Please transcribe all of the entries exactly, leaving out any images.
═════ Records shown ═════
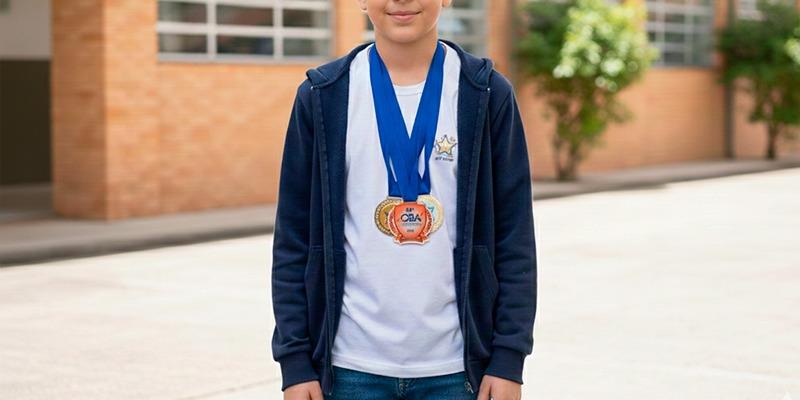 Cerimônia “Alunos Destaques 2025” homenageia 347 estudantes da Rede Municipal de Atibaia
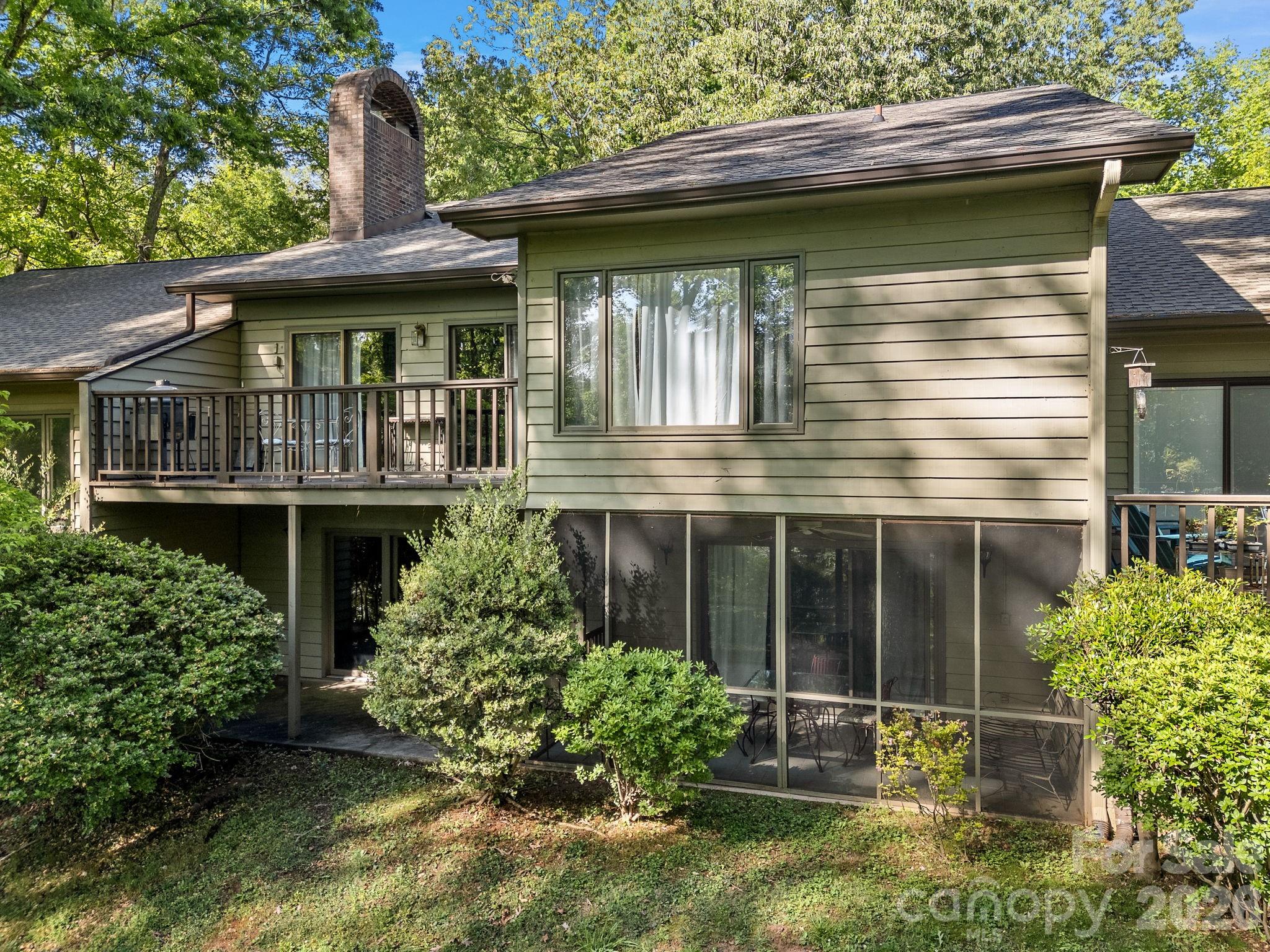 22 Hunting Country Trail — Tryon
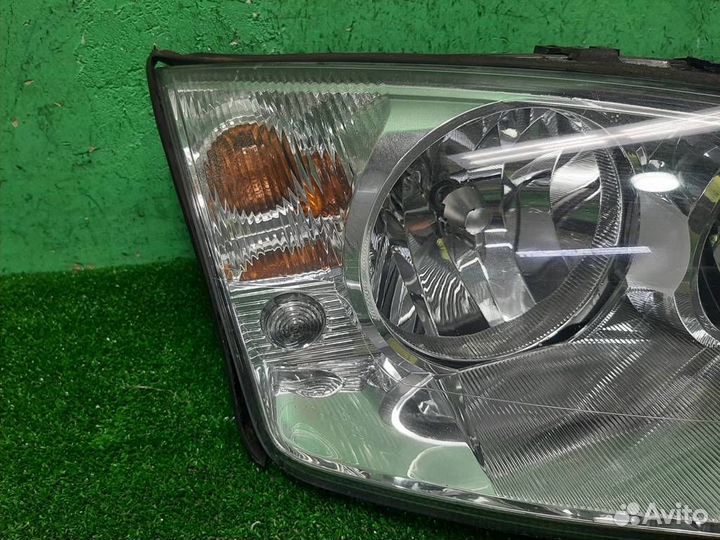 Фара правая Ford Mondeo 3 2002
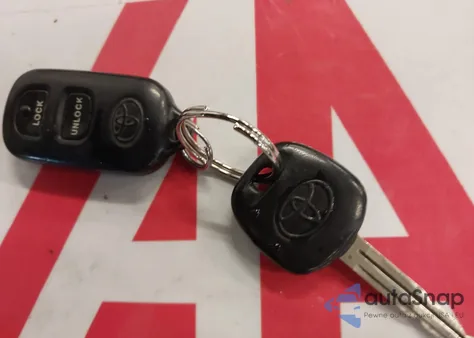 2005 Toyota Corolla Le из США, поврежденный, VIN 1NXBR32E35Z514686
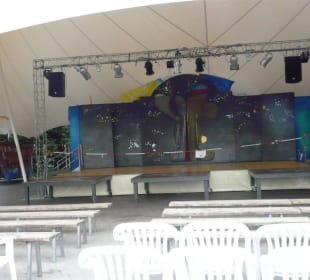Mini Club am Pool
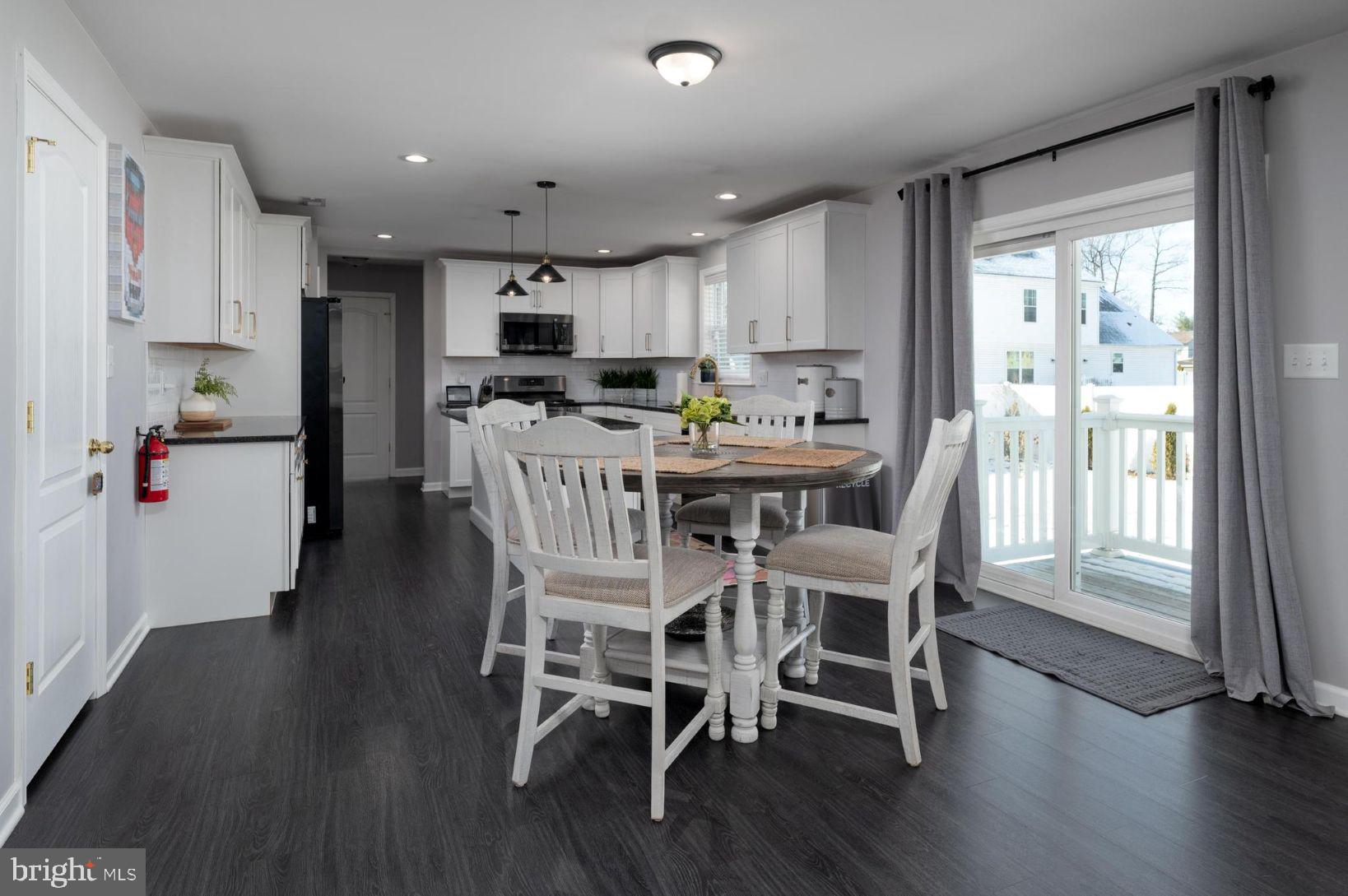 728 BEECHWOOD AVENUE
═════
• [The completed task]
 Cerimônia “Alunos Destaques 2025” homenageia 347 estudantes da Rede Municipal de Atibaia
 22 Hunting Country Trail — Tryon
 Фара правая Ford Mondeo 3 2002
 2005 Toyota Corolla Le из США, поврежденный, VIN 1NXBR32E35Z514686
Mini Club am Pool
 728 BEECHWOOD AVENUE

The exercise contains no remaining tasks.